London College of Fashion was awarded British Psychological Society’s 2016 Innovative Accredited Psychology Programme Award for MSc Applied Psychology in Fashion, an award that recognises innovative and creative design or delivery of psychology programmes.
Prof. Carolyn Mair, the Course Leader for MSc Applied Psychology in Fashion and MA Psychology for Fashion Professionals, is to be presented with an award for Innovation in Psychology Programmes 2016 at the British Psychological Society’s (BPS) annual conference next year. The award recognises her work developing the first and only course in the world to apply psychology specifically in the context of fashion. The course was a joint winner with University of Edinburgh Psychology Department.
LCF News spoke to Dr. Carolyn Mair Ph.D. after the announcement to find out more about the award and what it means for students.
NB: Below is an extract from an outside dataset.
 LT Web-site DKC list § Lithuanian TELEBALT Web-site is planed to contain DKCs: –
Congratulations on MSc Applied Psychology in Fashion winning the BPS Innovative Accredited Programme Award 2016. What thoughts were going through your head when you heard the news and what does it mean for the course?
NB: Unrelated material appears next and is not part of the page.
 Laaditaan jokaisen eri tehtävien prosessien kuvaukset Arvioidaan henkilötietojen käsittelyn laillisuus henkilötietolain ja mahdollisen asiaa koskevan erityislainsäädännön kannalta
Thank you! My thoughts were this is great news! It was a lot of work to put the nomination together and as we were runner-up in 2015, I was very keen to win this year! For the course, it really unpins its creativity and innovation. It means it’s really different from any other course (which we know as the 2 Masters here are still the only ones in the world). It also means that it is highly valued by the British Psychological Society. This is really important for Psychologists as the BPS is the professional body for Psychologists in the UK with approximately 60,000 members. Accredited courses are by definition high quality as the BPS accreditation is a ‘benchmark of quality’ and this award says not only is the course high quality, it is also innovative in a meaningful way.
The panel was particularly impressed how the course broke new ground in arts and science. Why was it so important for you to link fashion and psychology together?
I love fashion and the dynamic, creative and aesthetic nature of the industry. I’m fascinated by the concept of creativity and understanding how this operates psychologically. Fashion is our second skin. It is part of our identity and becomes part of the self. Fashion is also a fantastic vehicle to support change for the betterment of everyone. But there’s more to the psychology of fashion than just the clothes we wear. Human behaviour matters across all fashion industries from design, through production, manufacture, marketing, retail, consumption, and disposal. A psychologist can design and implement effective behaviour change programs that really do change behaviour. Psychology can help support people to become more resilient and so when they face adversity, they have resources they can draw on. This is particularly important in the changing and unpredictable world we live in. In my opinion, there has never been a more necessary time to apply psychology in the broad context of fashion.